Inteview de Victor Dixen

Elaura et Kamana : Bonsoir Victor !!!

Victor Dixen : Bonsoir Elaura, Kamana !

Elaura : Alors, comment vas-tu depuis que Jack est lâché dans la nature ?

Victor Dixen : Je ne te cacherai pas que je suis un peu inquiet. Ce garçon est tellement imprévisible… j’espère qu’il ne va pas faire trop de dégâts ! Mais bon, en même temps l’agenda est tellement chargé ces temps-ci que je n’ai pas trop le temps de me ronger les sangs.

En effet, le Cas intrigue, le Cas questionne… le Cas plaît même parfois à ce que l’on me dit – bref, je suis pas mal sollicité pour m’exprimer sur la question. Certains me somment de me justifier, d’autres attendent des réponses définitives.

Malheureusement, je suis incapable de les satisfaire : Jack Spark reste encore pour moi aujourd’hui un cas d’étude. Etude à laquelle je consacre d’ailleurs toutes mes nuits, saison 2 oblige 😉

Elaura : J’aimerais bien que tu me parles un peu de Jack, ou du moins de la manière dont il est né. C’est un petit gars que j’aime beaucoup, alors, avoir un petit aperçu de sa genèse, ce serait bien 😉

Victor Dixen : Ma foi, c’est vrai qu’il est sympathique malgré son caractère un peu soupe-au-lait (et quand la soupe bout, mieux vaut ne pas se trouver dans les parages !)

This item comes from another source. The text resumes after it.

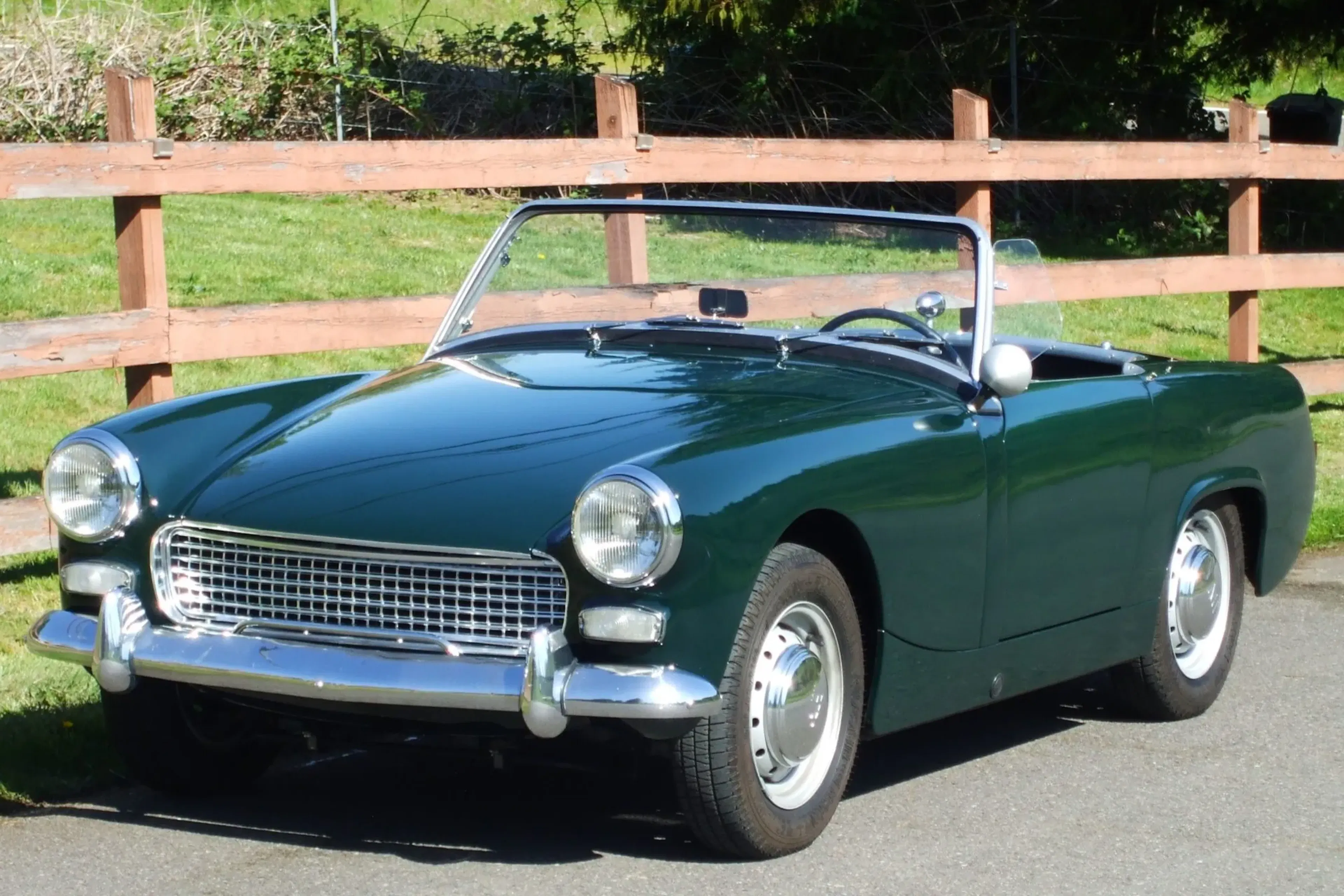 1962 Austin-Healey Sprite Mk II 1100 | Hagerty Valuation Tools®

Je pourrais te répondre que Jack est né à 4 heures du matin, comme tous les pensionnaires de Redrock : c’est l’heure à laquelle je commence à écrire. Mais ses racines remontent sans doute plus loin et plongent – oui, je ne saurais m’en défendre – en partie dans mon passé. Ou, pour le dire autrement : il me semble que je comprends bien Jack car moi aussi, depuis l’enfance, je sais ce que cela signifie de ne pas dormir…

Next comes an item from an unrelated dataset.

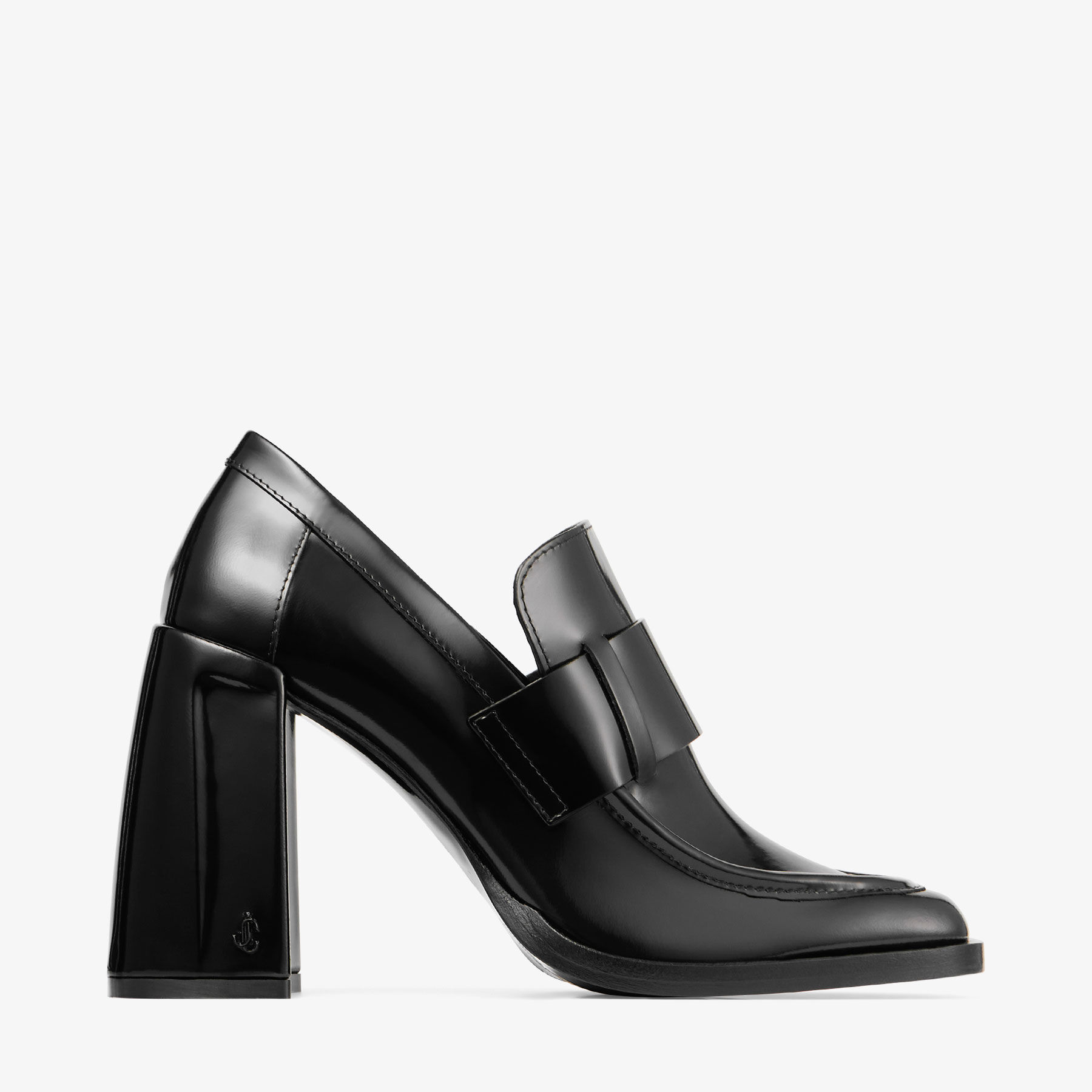 値下げ‼️JIMMY CHOO 38.5ブラック ローファー 厚底 値下げ‼️JIMMY CHOO 38.5ブラック ローファー 厚底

Mais attention, Jack Spark n’est pas Victor Dixen pour autant ! Il est bien plus mystérieux que moi.

Kamana : Comment en es-tu arrivé à associer les fées avec le mal, alors que toutes les légendes sont à l’antipode de cette association ? Est-ce justement parce qu’elles ne sont présentées que bonnes et magnifiques que tu as eu l’idée de leur prêter cette cruauté ?

Victor Dixen : Tu me permettras de ne pas être tout à fait d’accord, Kamana 😉

Certes, je constate que la tradition littéraire des Temps Modernes nous a légué une image bienveillante des Fées – pour moi, Perrault constitue le « turning point » à partir duquel ces créatures deviennent des dames fréquentables dont on parle avec amusement dans les salons. C’est le triomphe d’une rationalité qui préfigure déjà les Lumières sur les « superstitions » du passé. Disney est passé par-derrière, et a rajouté une couche de guimauve et de dentelles.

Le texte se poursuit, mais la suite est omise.